### GIVEN DATA ###
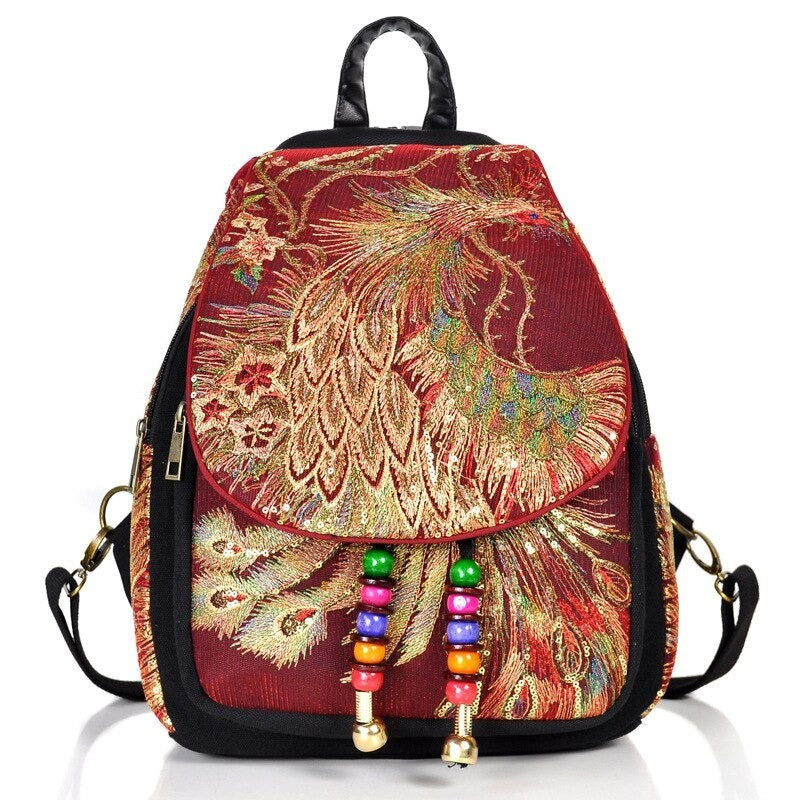 Vintage Embroidery Retro Backpack For Women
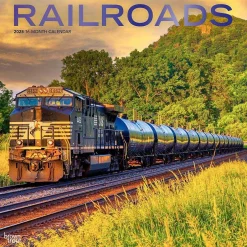BrownTrout 2025 Railroads 12" x 12" Monthly Square Wall Calendar (9781975475604) Clearance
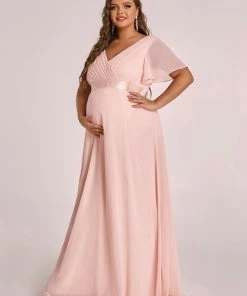 Ever-Pretty US Plus Size Ruffle Sleeve Floor-Length Formal Maternity Dress Maternity Dresses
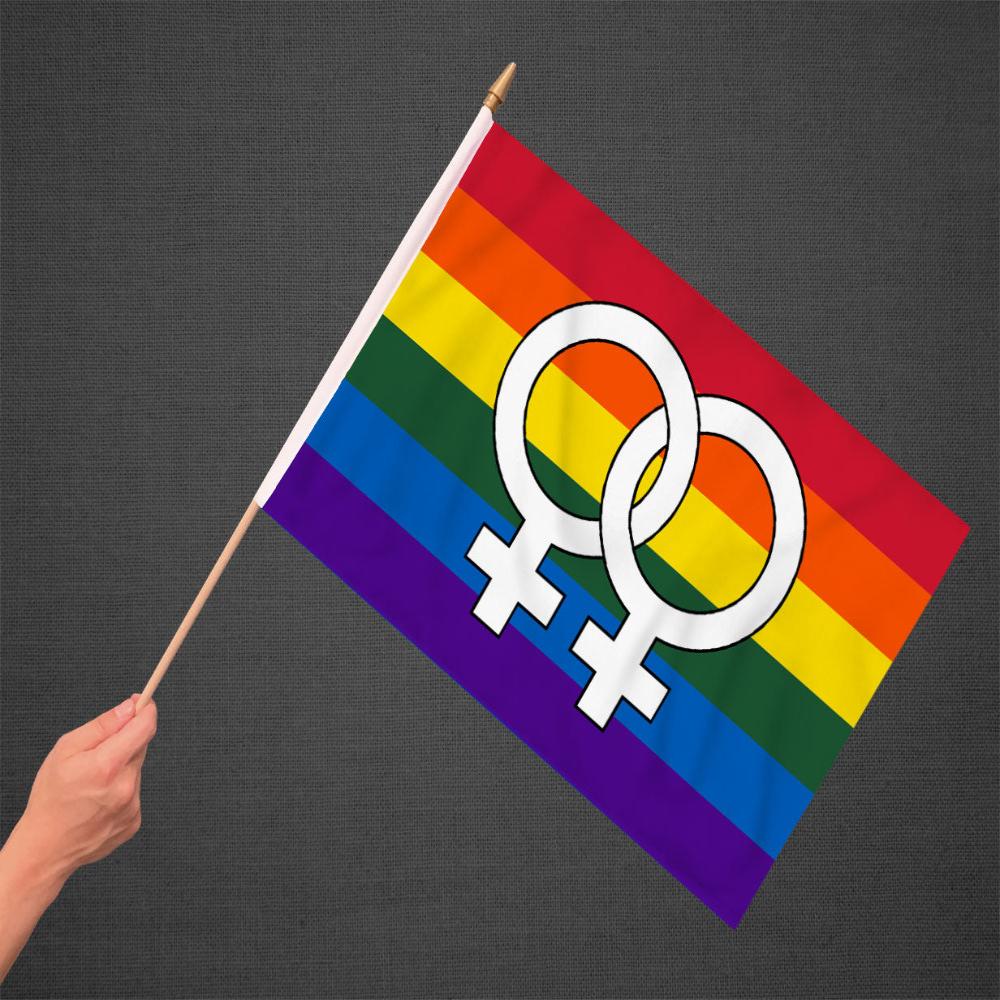 Double Venus Symbol (Large) Stick Flag 12x18in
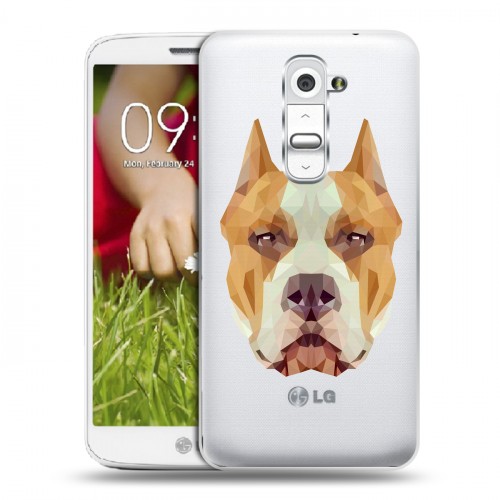 Полупрозрачный дизайнерский пластиковый чехол для LG Optimus G2 mini Прозрачные собаки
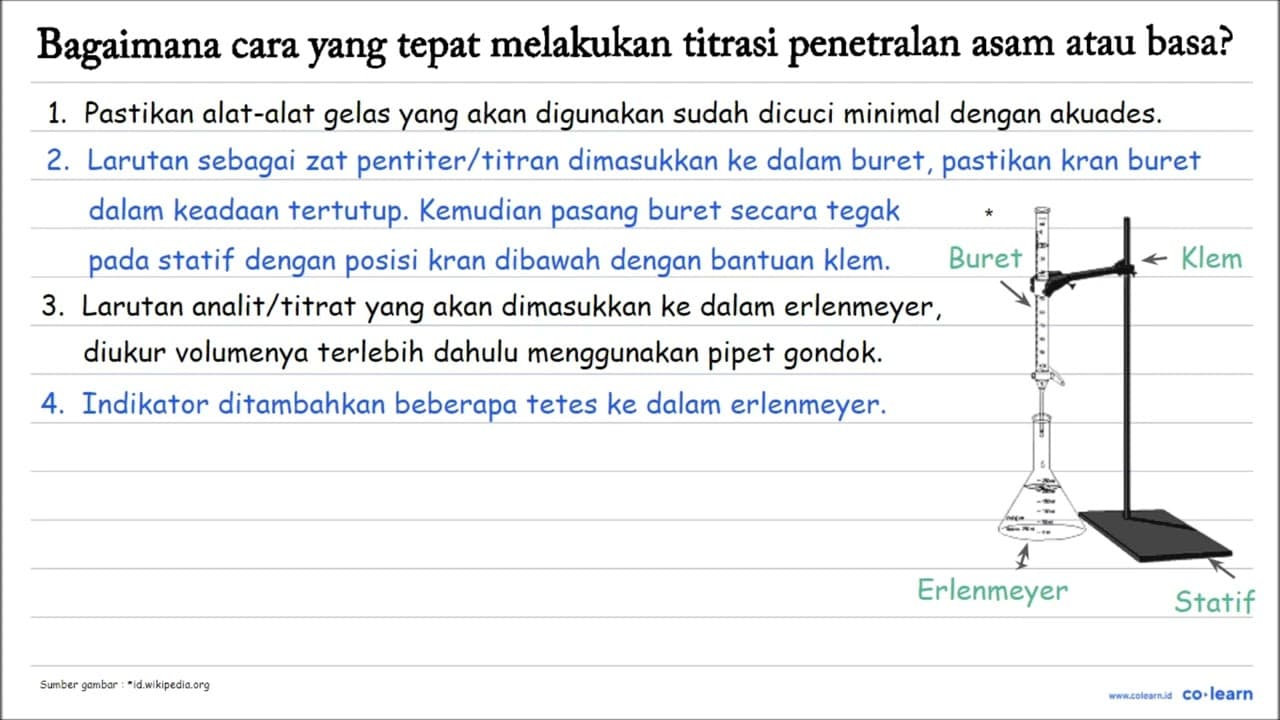 Bagaimana cara yang tepat melakukan titrasi penetralan asam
###
• WHAT THIS TASK INVOLVES:
Look above and copy only the lines from the one holding "BrownTrout 2025 Railroads" to the one holding "Double Venus Symbol", both included, exactly, minus the pictures.

• EXERCISE ANSWER:
BrownTrout 2025 Railroads 12" x 12" Monthly Square Wall Calendar (9781975475604) Clearance
 Ever-Pretty US Plus Size Ruffle Sleeve Floor-Length Formal Maternity Dress Maternity Dresses
 Double Venus Symbol (Large) Stick Flag 12x18in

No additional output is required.